1 de octubre de 2021
Se cumplen cuatro meses de la muerte de Ivana Acosta, la mujer de 36 años que falleció la noche en la que le contó a su ex pareja que estaba embarazada. Los familiares de la víctima le piden a la justicia de Santa Cruz que vaya a fondo con la investigación del caso. Están convencidos de que se trató de un femicidio y no de un suicidio como se dijo en primera instancia. Conocé los últimos avances de la causa y cómo los familiares sobrellevan el dolor.

El cuerpo de Ivana lo encontraron el 1 de junio en su casa de Río Gallegos. Esa noche había invitado a cenar a su ex pareja para contarle que estaba embarazada. Ambos eran oficiales de la policía federal. A la mujer la encontraron con un disparo de arma de fuego y desde allí se comenzó a tejer la investigación.
Ivana Acosta era policía y prestaba servicio en Río Gallegos. El día de su muerte invitó a cenar su ex pareja para contarle que estaba embarazada. La justicia busca determinar si se trató de un femicidio.
Acosta tenía 36 años y era madre de 2 hijos (10 y 21 años). Se encontraba embarazada de su expareja, quien también es parte de la fuerza federal. Hace varios meses estaban separados pero mantenían un vinculo, según especificaron los familiares de la víctima.

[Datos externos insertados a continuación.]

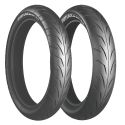 Pneu 120 / 80 -17 61S TL QW Battlax BT39SS Bridgestone
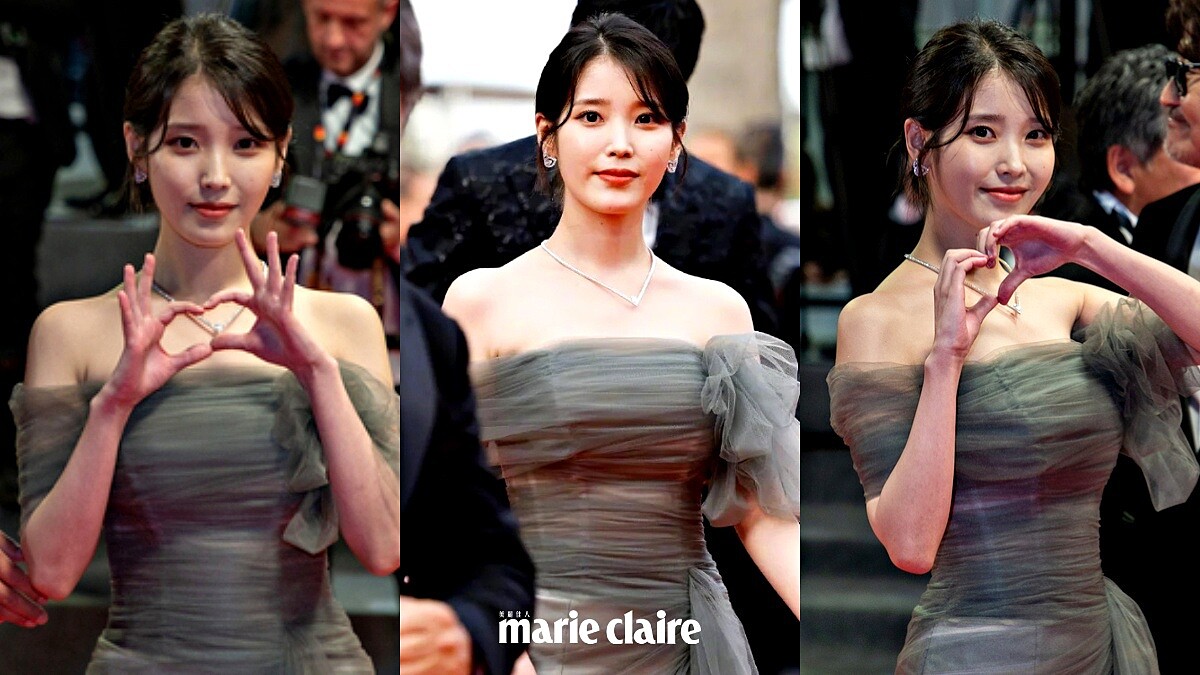  IU罹患耳咽管開放症、償清家中負債、替員工加薪，從高人氣到被討厭「得失心不需太重，學習善待自己很重要。」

Desde el primer momento, a la muerte de la mujer chaqueña la investigaron como suicidio, pero tanto familiares como amigos sospechaban de esa línea investigativa. A partir de resultados que arrojó la autopsia hubo un cambio de caratula y ahora el caso se investiga como femicidio.
Después de que la justicia constató que Acosta estaba con los estudios que se le realizaron al cuerpo, la causa tuvo un giro y ahora se apunta a la expareja que desapareció de Río Gallegos. Semanas después constataron que fue derivado a Buenos Aires y posteriormente la familia supo que estaba en el sur del país nuevamente.

En diálogo con Mundo Poder, Alfredo, el padre de Ivana, contó que la causa avanza y mantienen la esperanza de conseguir justicia. "Me dijo (su abogada) que la jueza citó a declarar por segunda vez a la persona que hizo en primera instancia el barrido electrónico". Según la familia de Ivana esta persona llegó rápidamente a la casa para levantar y borrar todo tipo de pruebas.
Alfredo también consignó que su abogada le informó sobre el interés que hay desde autoridades nacionales para poder resolver el caso. "El tipo todavía no declaró, pero creemos que con todas las pruebas que presentamos lo va hacer. Lo último fue la ropa de cama ,la cual estaba con manchas de sangre", especificó.
A la familia de la víctima le genera mucho dolor que el acusado siga en libertad. "El tipo sigue en libertad, está en disponibilidad de la federal. No anda trabajando, se volvió a juntar con su ex esposa", contó Alfredo al tiempo que señaló que le genera una "gran indignación" la situación.
Alfredo se aferra al pensamiento que tiene desde que comenzó la pesadilla, aquél que lo hace sentir que su hija no se quitó la vida. Contó que antes de volver de Río Gallegos a Chaco, toda la familia de Ivana se sometió un examen psicológico para poder indagar sobre ellos y la personalidad de la mujer policía. Esto sirvió para concluir en primera instancia, que la víctima no tenía un perfil suicida.
A cuatro meses de la trágica noche el dolor es inmenso. "Hemos traído casi todas las cosas de Ivana", detalla Alfredo y cuenta también que se encontraron con ropa y zapatos que su hija había comprado para vender. La familia junta todas esas pertenencias y las va a guardar en un lugar reservado para su memoria. Tal vez esas pertenencias les sirva para seguir tomando fuerza y no desistir en el pedido de justicia.